It is a truth universally acknowledged that a pat of butter makes everything taste better. Think about hot, crisp waffles, floating in a moat of butter and honey; a dosa with its hot, crispy folds slathered with butter; the iconic Mumbai sandwich, fat, buttery and delicious; prawns, fresh from the sea and slick with garlic butter; a steaming hot chapati with its puddle of butter (and perhaps a sprinkle of sugar).
How to Make Butter
Traditionally, butter was made using a wooden churn with paddles that you had to spin laboriously by hand. Luckily, today, it is really easy and takes hardly any time at all. My mum, who is the resident butter-making expert, tells me that all you need is a mixer, lots of ice and cream at room temperature. In a big, deep-sided vessel, empty the malai (she skims the cream off the top of full-fat milk every day). Add lots of ice cubes and then beat, beat, beat with an egg beater or an electric whisk at medium speed. After about five minutes, the fat and the buttermilk will separate: the fat (butter) will rise to the sides and the pale liquid (buttermilk) will pool at the bottom. Next, strain the fat with a cheese cloth, squeezing to make sure every drop of liquid buttermilk is removed. If you like, you can wash the butter with cold water several times, which will further ensure the removal of buttermilk.
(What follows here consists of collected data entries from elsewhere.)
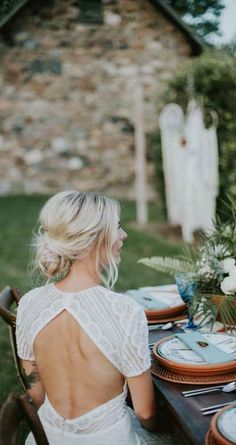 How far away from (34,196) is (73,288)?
1069cm

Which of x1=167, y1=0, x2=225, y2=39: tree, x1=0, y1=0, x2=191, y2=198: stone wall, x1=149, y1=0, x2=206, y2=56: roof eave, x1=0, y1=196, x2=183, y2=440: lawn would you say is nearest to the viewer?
x1=0, y1=196, x2=183, y2=440: lawn

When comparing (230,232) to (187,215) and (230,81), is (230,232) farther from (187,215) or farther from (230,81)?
(230,81)

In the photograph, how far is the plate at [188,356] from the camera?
1656 mm

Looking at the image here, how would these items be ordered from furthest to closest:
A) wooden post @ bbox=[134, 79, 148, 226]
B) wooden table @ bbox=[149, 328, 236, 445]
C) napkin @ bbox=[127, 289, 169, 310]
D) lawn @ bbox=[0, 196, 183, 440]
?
wooden post @ bbox=[134, 79, 148, 226], lawn @ bbox=[0, 196, 183, 440], napkin @ bbox=[127, 289, 169, 310], wooden table @ bbox=[149, 328, 236, 445]

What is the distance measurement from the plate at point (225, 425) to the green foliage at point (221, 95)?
5970 millimetres

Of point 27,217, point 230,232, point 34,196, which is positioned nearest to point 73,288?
point 230,232

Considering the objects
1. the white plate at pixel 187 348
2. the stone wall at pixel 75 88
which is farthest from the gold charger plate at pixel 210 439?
the stone wall at pixel 75 88

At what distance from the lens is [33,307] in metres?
1.69

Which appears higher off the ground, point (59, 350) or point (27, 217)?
point (59, 350)

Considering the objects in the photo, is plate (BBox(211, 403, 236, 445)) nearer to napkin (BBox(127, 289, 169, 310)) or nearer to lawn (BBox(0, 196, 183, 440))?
napkin (BBox(127, 289, 169, 310))

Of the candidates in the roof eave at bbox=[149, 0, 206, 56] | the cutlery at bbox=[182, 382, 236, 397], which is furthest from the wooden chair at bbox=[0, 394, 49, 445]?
the roof eave at bbox=[149, 0, 206, 56]

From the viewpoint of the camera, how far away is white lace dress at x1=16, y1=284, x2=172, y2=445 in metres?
1.57

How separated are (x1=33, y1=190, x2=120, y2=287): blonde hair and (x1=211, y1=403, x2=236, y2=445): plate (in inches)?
20.1

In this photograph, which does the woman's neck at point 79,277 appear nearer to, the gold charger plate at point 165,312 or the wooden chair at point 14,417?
the wooden chair at point 14,417
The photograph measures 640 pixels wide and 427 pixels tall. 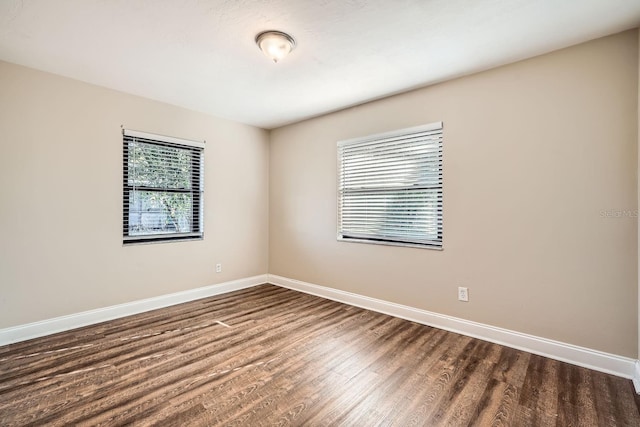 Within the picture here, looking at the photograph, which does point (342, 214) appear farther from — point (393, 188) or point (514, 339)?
point (514, 339)

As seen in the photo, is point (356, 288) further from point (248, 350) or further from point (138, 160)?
point (138, 160)

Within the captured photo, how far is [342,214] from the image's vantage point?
3.95 metres

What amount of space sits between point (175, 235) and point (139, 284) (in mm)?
689

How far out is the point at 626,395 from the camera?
6.38ft

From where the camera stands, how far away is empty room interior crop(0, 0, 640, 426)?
1.96 metres

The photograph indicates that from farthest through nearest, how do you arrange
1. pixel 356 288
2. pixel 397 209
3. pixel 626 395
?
pixel 356 288 → pixel 397 209 → pixel 626 395

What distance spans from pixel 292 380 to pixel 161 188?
9.12 ft

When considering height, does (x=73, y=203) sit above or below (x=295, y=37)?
below

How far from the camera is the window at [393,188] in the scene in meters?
3.12

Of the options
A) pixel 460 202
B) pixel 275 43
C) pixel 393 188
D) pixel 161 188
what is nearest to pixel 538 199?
pixel 460 202

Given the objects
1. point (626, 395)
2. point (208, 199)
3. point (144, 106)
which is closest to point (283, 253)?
point (208, 199)

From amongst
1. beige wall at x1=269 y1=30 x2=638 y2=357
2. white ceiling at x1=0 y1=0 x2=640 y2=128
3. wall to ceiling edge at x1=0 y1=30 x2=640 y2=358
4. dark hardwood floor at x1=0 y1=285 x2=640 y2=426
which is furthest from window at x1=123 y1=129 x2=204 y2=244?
beige wall at x1=269 y1=30 x2=638 y2=357

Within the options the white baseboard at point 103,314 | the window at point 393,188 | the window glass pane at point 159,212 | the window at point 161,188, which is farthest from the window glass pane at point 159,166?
the window at point 393,188


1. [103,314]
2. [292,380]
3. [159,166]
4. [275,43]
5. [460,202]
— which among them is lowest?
[292,380] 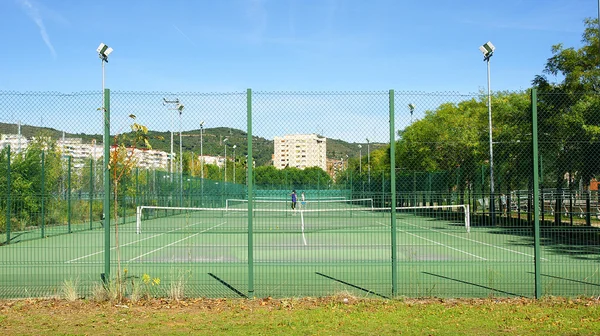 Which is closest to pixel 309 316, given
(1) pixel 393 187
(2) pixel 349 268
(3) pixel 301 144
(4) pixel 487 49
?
(1) pixel 393 187

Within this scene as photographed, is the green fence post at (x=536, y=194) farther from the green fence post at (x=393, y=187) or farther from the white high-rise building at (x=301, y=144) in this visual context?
the white high-rise building at (x=301, y=144)

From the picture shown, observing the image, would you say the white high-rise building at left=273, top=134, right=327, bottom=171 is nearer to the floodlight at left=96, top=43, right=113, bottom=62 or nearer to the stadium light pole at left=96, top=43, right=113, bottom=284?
the stadium light pole at left=96, top=43, right=113, bottom=284

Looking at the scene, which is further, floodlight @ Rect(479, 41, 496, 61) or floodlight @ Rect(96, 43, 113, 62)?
floodlight @ Rect(479, 41, 496, 61)

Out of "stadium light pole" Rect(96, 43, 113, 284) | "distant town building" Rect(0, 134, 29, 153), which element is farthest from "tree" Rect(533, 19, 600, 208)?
"distant town building" Rect(0, 134, 29, 153)

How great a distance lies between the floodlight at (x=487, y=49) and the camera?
2512 centimetres

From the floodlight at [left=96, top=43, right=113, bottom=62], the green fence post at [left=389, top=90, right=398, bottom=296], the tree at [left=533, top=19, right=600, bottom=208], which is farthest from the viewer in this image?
the floodlight at [left=96, top=43, right=113, bottom=62]

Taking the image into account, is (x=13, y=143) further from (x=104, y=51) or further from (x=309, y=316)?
(x=309, y=316)

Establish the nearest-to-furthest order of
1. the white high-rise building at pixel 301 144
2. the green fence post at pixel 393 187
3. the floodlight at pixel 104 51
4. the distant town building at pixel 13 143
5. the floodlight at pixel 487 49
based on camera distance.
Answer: the green fence post at pixel 393 187
the white high-rise building at pixel 301 144
the distant town building at pixel 13 143
the floodlight at pixel 104 51
the floodlight at pixel 487 49

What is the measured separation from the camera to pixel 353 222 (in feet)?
56.6

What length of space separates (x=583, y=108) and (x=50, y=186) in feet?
53.4

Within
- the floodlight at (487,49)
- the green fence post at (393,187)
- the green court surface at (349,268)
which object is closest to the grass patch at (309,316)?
the green fence post at (393,187)

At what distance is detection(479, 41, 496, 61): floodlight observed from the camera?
25122mm

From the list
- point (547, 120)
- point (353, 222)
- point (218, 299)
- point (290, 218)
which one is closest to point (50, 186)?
point (290, 218)

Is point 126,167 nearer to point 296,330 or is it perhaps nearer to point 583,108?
point 296,330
Afterwards, my mum usually kneads salt into her butter which helps to preserve it, but depending what you are cooking with it, you may leave it unsalted. This will spoil faster though, so make it if you know you are going to finish it within a couple of weeks.
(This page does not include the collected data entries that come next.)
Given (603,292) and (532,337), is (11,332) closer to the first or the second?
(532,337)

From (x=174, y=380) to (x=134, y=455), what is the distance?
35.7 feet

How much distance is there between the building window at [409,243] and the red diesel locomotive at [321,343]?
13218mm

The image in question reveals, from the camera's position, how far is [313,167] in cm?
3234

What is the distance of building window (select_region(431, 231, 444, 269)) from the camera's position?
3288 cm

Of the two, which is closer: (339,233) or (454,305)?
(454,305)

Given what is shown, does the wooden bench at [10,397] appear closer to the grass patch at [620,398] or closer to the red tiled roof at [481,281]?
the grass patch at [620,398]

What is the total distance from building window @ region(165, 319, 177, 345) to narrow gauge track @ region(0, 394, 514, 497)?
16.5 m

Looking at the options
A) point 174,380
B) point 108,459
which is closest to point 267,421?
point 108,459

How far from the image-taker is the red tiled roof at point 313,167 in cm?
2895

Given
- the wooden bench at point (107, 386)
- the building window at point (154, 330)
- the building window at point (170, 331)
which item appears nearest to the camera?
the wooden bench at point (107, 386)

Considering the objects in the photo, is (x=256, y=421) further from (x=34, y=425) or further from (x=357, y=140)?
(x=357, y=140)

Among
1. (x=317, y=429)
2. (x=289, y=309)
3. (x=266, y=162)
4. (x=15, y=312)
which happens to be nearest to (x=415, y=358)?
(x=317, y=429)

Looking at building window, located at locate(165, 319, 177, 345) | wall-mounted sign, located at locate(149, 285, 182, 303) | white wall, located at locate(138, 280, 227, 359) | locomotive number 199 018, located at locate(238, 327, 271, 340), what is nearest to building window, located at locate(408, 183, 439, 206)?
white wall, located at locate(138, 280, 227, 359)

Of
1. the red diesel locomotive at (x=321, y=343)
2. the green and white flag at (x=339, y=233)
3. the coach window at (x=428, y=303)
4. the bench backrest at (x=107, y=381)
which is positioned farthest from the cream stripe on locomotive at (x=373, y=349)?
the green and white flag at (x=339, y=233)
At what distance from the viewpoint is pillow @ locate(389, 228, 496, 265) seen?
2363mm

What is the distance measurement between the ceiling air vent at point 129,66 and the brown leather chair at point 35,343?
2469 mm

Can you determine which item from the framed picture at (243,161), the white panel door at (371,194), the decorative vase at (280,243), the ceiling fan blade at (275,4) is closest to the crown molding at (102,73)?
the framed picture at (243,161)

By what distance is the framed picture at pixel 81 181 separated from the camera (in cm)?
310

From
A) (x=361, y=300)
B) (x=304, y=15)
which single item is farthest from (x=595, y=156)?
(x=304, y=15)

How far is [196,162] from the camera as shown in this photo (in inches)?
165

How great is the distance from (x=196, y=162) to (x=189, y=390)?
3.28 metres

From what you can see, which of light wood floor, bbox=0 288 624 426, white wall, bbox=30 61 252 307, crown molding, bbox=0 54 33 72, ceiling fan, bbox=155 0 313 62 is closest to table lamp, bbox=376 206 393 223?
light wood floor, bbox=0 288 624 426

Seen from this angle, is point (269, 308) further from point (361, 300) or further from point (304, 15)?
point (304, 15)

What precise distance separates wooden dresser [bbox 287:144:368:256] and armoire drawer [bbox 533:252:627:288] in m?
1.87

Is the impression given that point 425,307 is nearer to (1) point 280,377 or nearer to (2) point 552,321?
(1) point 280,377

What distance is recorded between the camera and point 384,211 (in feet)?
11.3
Your yellow clump of home-made butter will have a fresh, unctuous mouth feel with slightly tangy undertones. The butter will be much paler than store-bought ones, which is as it should be.
Once you have your pat of butter, you can add all sorts of flavours to it. One of the most unusual and delicious combinations is vanilla butter. Here is a ridiculously simple recipe off one of my favourite books, Heston Blumenthal at Home. What you need is unsalted butter at room temperature and four to five fresh vanilla pods. Halve the pods lengthways, scrape off the seeds and then blend them into the butter using a hand blender. I poured a tiny lake of this around a salted, fried fish fillet and it was excellent.
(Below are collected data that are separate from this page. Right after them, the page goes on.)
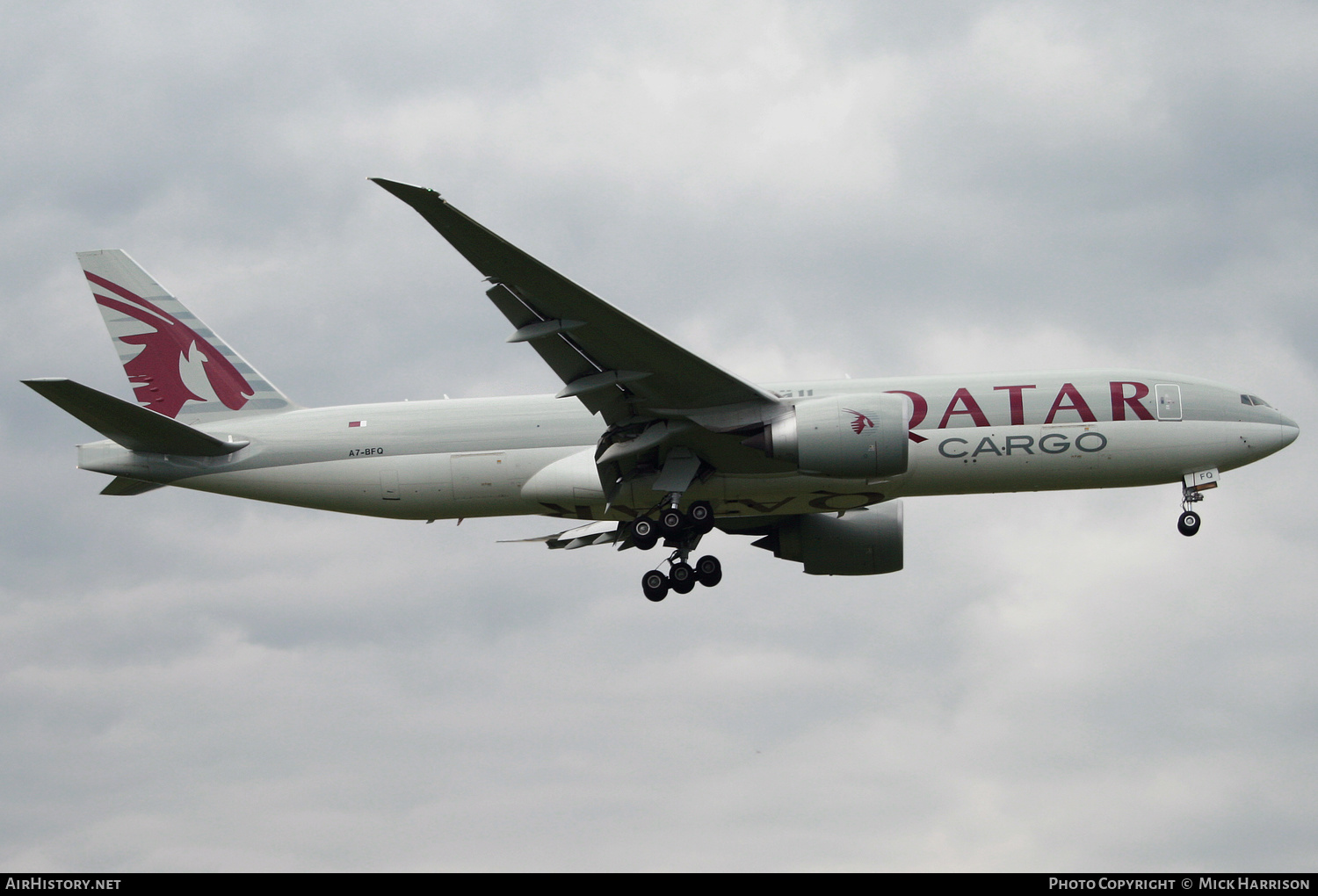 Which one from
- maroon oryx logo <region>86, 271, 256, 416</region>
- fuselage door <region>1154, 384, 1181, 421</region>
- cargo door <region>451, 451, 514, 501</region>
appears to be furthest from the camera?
maroon oryx logo <region>86, 271, 256, 416</region>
Parsley butter is also quite simple to make. Melt unsalted butter in a pan, add a dash of lemon juice, finely-chopped fresh parsley, salt and a dash of mustard and mix in a blender. Parsley butter tastes delicious drizzled over grilled, sautéed and roasted fish, chicken and even steak.
If you're up for a little mess, then try making whole roast chicken with it. It's a bit fiddly but absolutely worth the effort. I took a whole, raw, brined chicken and gently loosened its skin. Then I slipped spoonfuls of parsley butter under the loosened skin, add a further lick of butter to the outside and popped it in the oven to roast. The meat was juicy and tender, the skin crisper.
Blumenthal gives recipes for all sorts of butter variants - acidulated butter with vinegar and wine, blue cheese butter, even a sour cream butter made with soured cream and cream cheese. Think of butter as a blank canvas; you can add whatever you like to it – chillies, thyme, paprika, lime, orange, apple, coriander, mushrooms, wine, bacon, anchovy, whatever! You can even tweak butter by cuisine. Perhaps a Schezwan butter made with vinegar, soy, chillies and chilli sauce? You can serve it with a slab of fish or a heap of green, leafy vegetables.
How to Brown Your Butter
Browned butter (what the French call beurre noisette) is a good way to add complexity and richness to your dishes, without a lot of extra effort. It sounds complex but it's really only butter heated until it darkens. You can add it to risotto, popcorn, veggies, over poached fruit, in tart fillings, in brownies etc.
Now I am going to tell you how to use brown butter in a classic French dish - Sole Meuniere. It's sounds intimidating but isn't at all; perfect for impressing friends and family.
Take a fillet of flatfish and rub it with salt and pepper, dredge lightly in flour and cook it in a mixture of oil and butter until golden brown. Now for the Beurre Noisette, take the fish off the pan, and put a stick of butter in the same pan. Let it melt and bubble on gentle heat, and keep whisking until it browns. Word of caution: The butter turns amber all of a sudden, so don’t take your eyes off it. Once done, take it off the fire (or it will keep cooking), strain if you like, squeeze lemon juice and add fresh parsley, then pour it on top of the fillets. Voila!